3. The fast RSA cryptographic coprocessor supporting dual domains as claimed in claim 1, wherein the multiplier-accumulator unit (42) is composed of a multiplier-accumulator whose input end receives the 64-bit binary addend a, addend b, multiplier X and multiplier Y respectively input by the RAM memory unit (3), and whose output end outputs the prime domain result c and the binary extended domain result d respectively, the multiplier-accumulator includes a first adder (421), a second adder (422), a third adder (423), and a dual-domain multiplier (424) which multiplies the received multiplier X and multiplier Y and outputs the result to the second adder (422), the input end of the first adder (421) receives the binary addend a and addend b respectively, the output end connects the input ends of the second adder (422) and the third adder (423), the output end of the second adder (422) outputs the prime domain result c, an output of the third adder (423) outputs a binary extension result d.

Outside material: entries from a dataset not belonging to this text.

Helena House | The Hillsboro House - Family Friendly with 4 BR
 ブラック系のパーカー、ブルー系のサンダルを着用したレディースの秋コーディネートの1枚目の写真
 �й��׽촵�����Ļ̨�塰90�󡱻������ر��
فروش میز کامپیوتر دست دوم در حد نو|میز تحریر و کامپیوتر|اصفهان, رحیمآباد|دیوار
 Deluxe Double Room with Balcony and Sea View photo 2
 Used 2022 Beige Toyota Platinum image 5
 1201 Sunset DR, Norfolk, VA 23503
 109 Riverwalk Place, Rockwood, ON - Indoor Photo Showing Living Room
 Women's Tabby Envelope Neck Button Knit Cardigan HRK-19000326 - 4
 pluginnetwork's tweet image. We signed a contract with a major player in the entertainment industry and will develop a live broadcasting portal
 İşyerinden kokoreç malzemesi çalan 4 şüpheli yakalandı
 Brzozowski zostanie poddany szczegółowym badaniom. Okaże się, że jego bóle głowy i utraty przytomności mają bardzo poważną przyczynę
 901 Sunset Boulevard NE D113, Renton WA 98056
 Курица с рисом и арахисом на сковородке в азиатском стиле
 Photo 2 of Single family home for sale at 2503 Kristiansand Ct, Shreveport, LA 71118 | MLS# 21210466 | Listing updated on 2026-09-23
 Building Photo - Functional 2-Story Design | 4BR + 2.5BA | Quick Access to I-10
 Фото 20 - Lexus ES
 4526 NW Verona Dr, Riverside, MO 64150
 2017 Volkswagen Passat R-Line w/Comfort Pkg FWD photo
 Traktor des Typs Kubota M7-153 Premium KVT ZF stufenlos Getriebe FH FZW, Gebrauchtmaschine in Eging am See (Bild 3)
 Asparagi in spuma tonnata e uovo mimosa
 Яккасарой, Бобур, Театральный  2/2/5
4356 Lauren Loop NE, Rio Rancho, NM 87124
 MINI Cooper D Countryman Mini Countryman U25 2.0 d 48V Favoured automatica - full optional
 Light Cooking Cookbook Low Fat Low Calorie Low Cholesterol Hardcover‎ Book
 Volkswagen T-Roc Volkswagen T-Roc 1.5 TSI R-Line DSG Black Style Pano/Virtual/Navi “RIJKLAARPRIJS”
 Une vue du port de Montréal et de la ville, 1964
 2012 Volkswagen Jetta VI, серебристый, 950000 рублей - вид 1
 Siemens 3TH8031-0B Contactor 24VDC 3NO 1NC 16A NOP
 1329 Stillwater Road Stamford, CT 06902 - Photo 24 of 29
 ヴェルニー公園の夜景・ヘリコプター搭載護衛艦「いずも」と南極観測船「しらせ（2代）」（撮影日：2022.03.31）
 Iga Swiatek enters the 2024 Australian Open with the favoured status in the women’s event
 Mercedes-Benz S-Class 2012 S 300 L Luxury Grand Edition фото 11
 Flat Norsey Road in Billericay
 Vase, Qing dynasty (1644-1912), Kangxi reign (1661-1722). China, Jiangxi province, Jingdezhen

4. A dual domain capable fast RSA cryptographic coprocessor as claimed in claim 1, the double-domain multiplier (424) is characterized by comprising 64 half-adding/full-adding arrays (4241) which are sequentially connected in series, wzllace (4242) connected with the carry output ends of the 64 half-adding/full-adding arrays (4241), and a carry propagation adder (4243) respectively connected with the carry output end and the summation output end of a Wallace tree (4242), wherein, the input end of the first half-adding/full-adding array of the 64 half-adding/full-adding arrays (4241) receives a multiplier X and a multiplier Y input by a RAM memory unit (3), the output end of the last half-adding/full-adding array is respectively connected with the input end of the carry propagation adder (4243) and the second adder (422), the output end of the carry propagation adder (4243) is connected with the third adder (423).